▸ DATA PROVIDED:
:::::
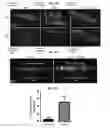 Fig. 15 - Methods for generation of podocytes from pluripotent stem cells and cells produced by the same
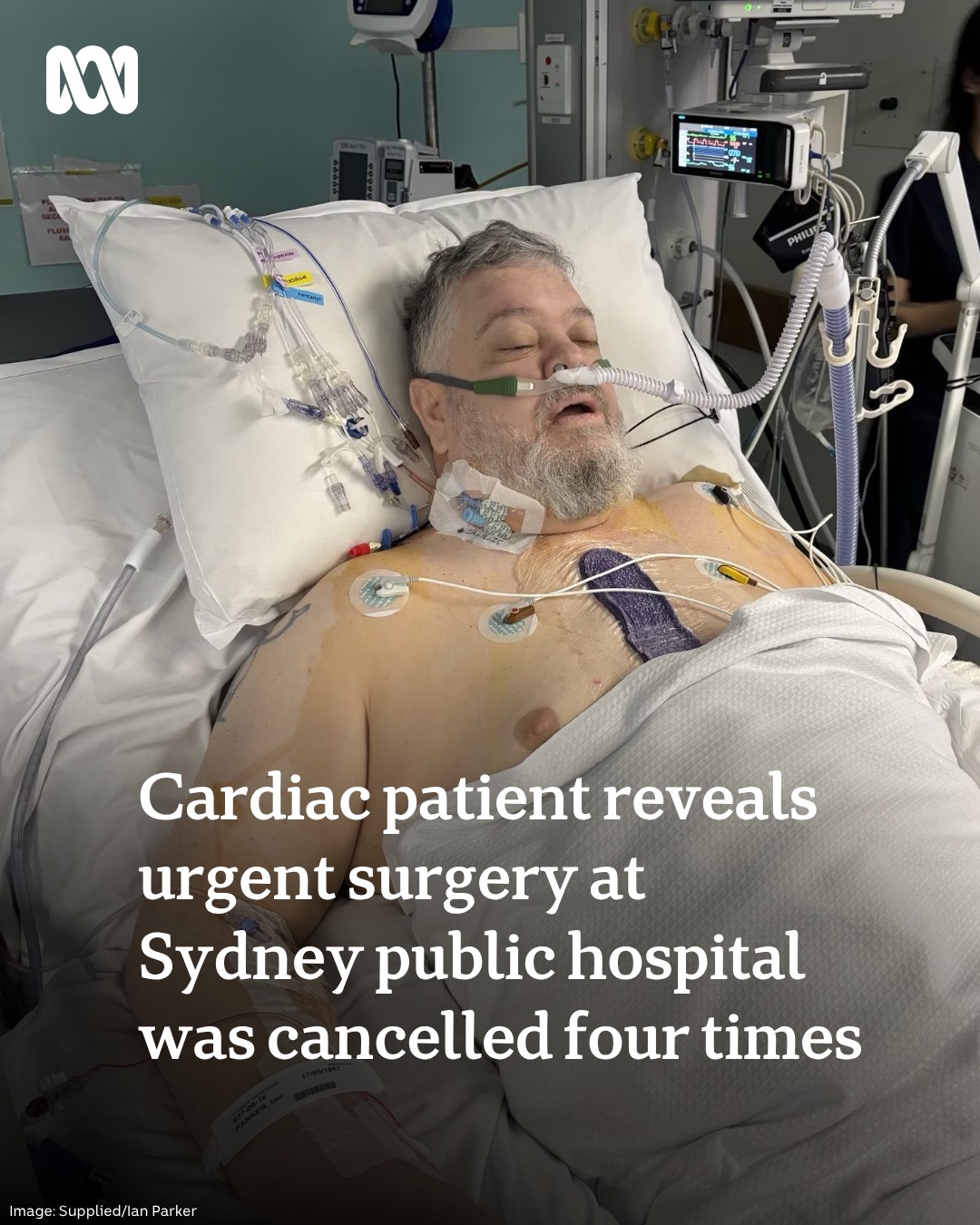 ABC - Ian Parker waited more than three months for urgent heart surgery ...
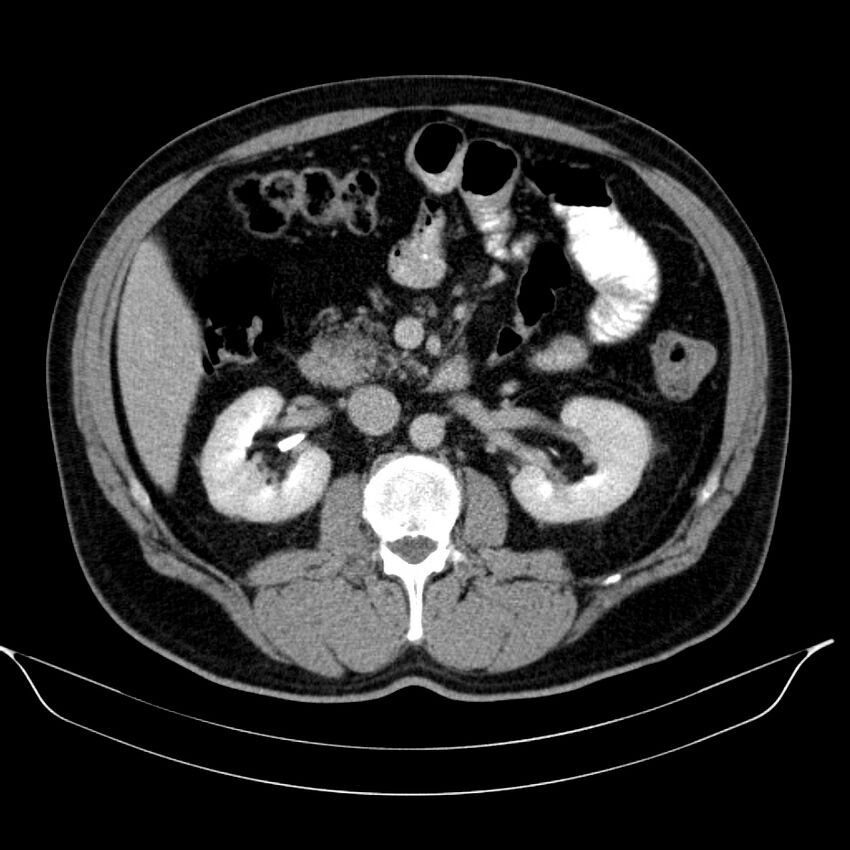 Neuroendocrine tumor of head of pancreas (Radiopaedia 57538-64502 D 37).jpg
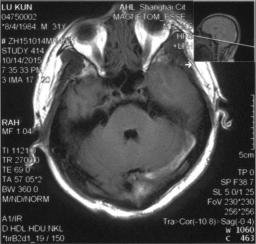 颅内静脉窦血栓怎么治疗,颅内静脉窦血栓造影多少钱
:::::
▸ INSTRUCTIONS FOR THE TASK:
Return the lines from the one that contains "ABC - Ian Parker" through the final line of the listing above, inclusive. Transcribe them exactly and drop the pictures.

▸ ANSWER BOX:
 ABC - Ian Parker waited more than three months for urgent heart surgery ...
 Neuroendocrine tumor of head of pancreas (Radiopaedia 57538-64502 D 37).jpg
 颅内静脉窦血栓怎么治疗,颅内静脉窦血栓造影多少钱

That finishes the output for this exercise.